“Natural de Campinas, terceira filha de uma família de seis irmãos, aprendi a nadar por volta dos 4 anos de idade. Em casa isso era regra desde que minha irmã mais velha foi diagnosticada com bronquite asmática. Na infância era muito magra e fraca e isso foi o maior incentivo que tive para melhorar e ficar como meus irmãos, que eram nadadores.
Nadei dos 6 aos 21 anos, fui campeã brasileira seis vezes e 36 vezes campeã paulista. Passei por todos os estilos e fui treinada quase por toda a carreira por meu pai, Hilário Rodrigues dos Santos. Ele era um estudioso que ensinou tudo para os filhos por meio de sua cultura. Foi um grande treinador. Com ele, além dos treinos fortes, aprendi sobre ética, determinação e toda a minha paixão por esporte.
Ao entrar na faculdade resolvi curtir a vida, sair, viver coisas novas.
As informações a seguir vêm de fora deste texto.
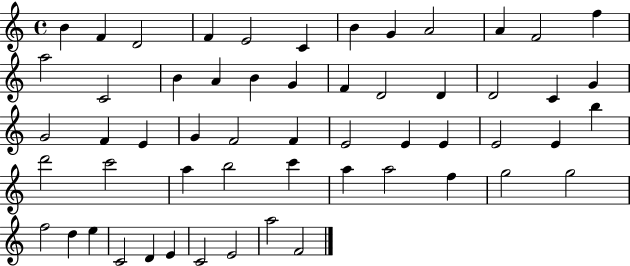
X:1
T:Untitled
M:4/4
L:1/4
K:C
B F D2 F E2 C B G A2 A F2 f a2 C2 B A B G F D2 D D2 C G G2 F E G F2 F E2 E E E2 E b d'2 c'2 a b2 c' a a2 f g2 g2 f2 d e C2 D E C2 E2 a2 F2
Isso durou muito pouco. Quando cursava o segundo ano de Educação Física na PUC Campinas, divulgaram uma prova de triathlon e resolvi me inscrever. Tinha vontade de fazer um esporte que ninguém me conhecesse e eu pudesse me divertir sem pressão. Nessa prova, sem treinar, fui quinta geral e ganhei a categoria feminina. Treinei um pouco e decidi fazer outras provas, entre elas fiz uma em Santos (atualmente o Troféu Brasil de Triathlon) e para minha surpresa fui quinta colocada geral, e o que era para ser uma diversão virou profissão novamente.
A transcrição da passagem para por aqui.